Opinion

Why Peng Shuai Has China’s Leaders Spooked

Four years after the #MeToo movement rocked global halls of power, one of its most politically consequential cases to date is unfolding in the unlikeliest of places: China. And unsurprisingly, the government there is trying to silence the dissent.

Yet the Chinese Communist Party’s choreographed response to a tennis star’s sexual assault allegations has backfired spectacularly. Instead of squashing a scandal, it is fueling China’s feminist movement — it could ultimately pose a challenge to the party itself.

On Nov. 2, Peng Shuai, a former Wimbledon doubles champion, accused China’s former vice premier, Zhang Gaoli, of sexual assault. “Like an egg hitting a rock, or a moth to the flame, courting self-destruction, I’ll tell the truth about you,” she wrote in a lengthy post on Weibo, China’s popular social media platform. Then she disappeared.

State censors quickly restricted searches for Ms. Peng’s name on the Chinese internet and deleted the post, but not before it was shared around 1,000 times. In the following hours, netizens logged nearly seven million searches for the post.

Journalists started asking about Ms. Peng’s whereabouts at Chinese Foreign Ministry briefings. #WhereIsPengShuai trended on Twitter. Beijing dodged for days. But then state-controlled media released a series of bizarre images and videos purporting to show Ms. Peng safe and sound: at a restaurant; cuddling a cat; signing children’s tennis balls at a teenagers’ tournament.

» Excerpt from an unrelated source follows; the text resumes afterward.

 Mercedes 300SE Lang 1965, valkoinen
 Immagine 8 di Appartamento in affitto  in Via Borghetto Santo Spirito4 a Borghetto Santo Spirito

If Beijing thought those measures would settle matters, it was sorely mistaken. So far Ms. Peng has not made any public comment. Steve Simon, the chief executive of the Women’s Tennis Association, said on Wednesday the women’s professional tennis tour would suspend all tournaments in China, including Hong Kong, in response to Ms. Peng’s disappearance, citing “serious doubts” that she was free and safe.

Ms. Peng’s celebrity certainly has driven interest in her case. But her allegations also are groundbreaking: They are the first to implicate such a high-ranking Chinese official, a former member of the Politburo Standing Committee, the country’s highest ruling body.

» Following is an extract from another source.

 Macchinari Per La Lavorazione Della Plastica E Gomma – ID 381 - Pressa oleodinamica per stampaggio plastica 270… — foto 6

Credit…Demetrius Freeman for The New York Times

The upper echelons of the Chinese Communist Party have been largely impenetrable to scandal and enjoyed relative respect from much of the population. But Ms. Peng’s allegations raise the specter that not all is well within the elite ranks and that maybe she’s not alone: More women could speak up. The floodgates could open. And the party can’t have that.

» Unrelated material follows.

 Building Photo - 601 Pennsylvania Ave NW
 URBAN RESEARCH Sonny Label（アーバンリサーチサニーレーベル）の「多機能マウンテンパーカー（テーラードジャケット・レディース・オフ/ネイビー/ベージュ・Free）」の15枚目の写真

That might help explain the heavy-handed reaction to Ms. Peng’s allegations: They were a clear attempt by the Chinese Communist Party to protect itself and its legitimacy in the eyes of the people.

Such moves from the authoritarian playbook tend to succeed in silencing dissent. But what the party apparently failed to take into consideration is the current women’s-rights climate in China. Its actions hit an already aching, raw nerve. And so a domestic #MeToo scandal exploded into an international cause célèbre.

While the patriarchal nature of Chinese society is well known, Ms. Peng’s case is the rare, revelatory moment that exposes how much China’s all-male rulers depend on the subjugation of women to ensure the Communist Party’s longevity.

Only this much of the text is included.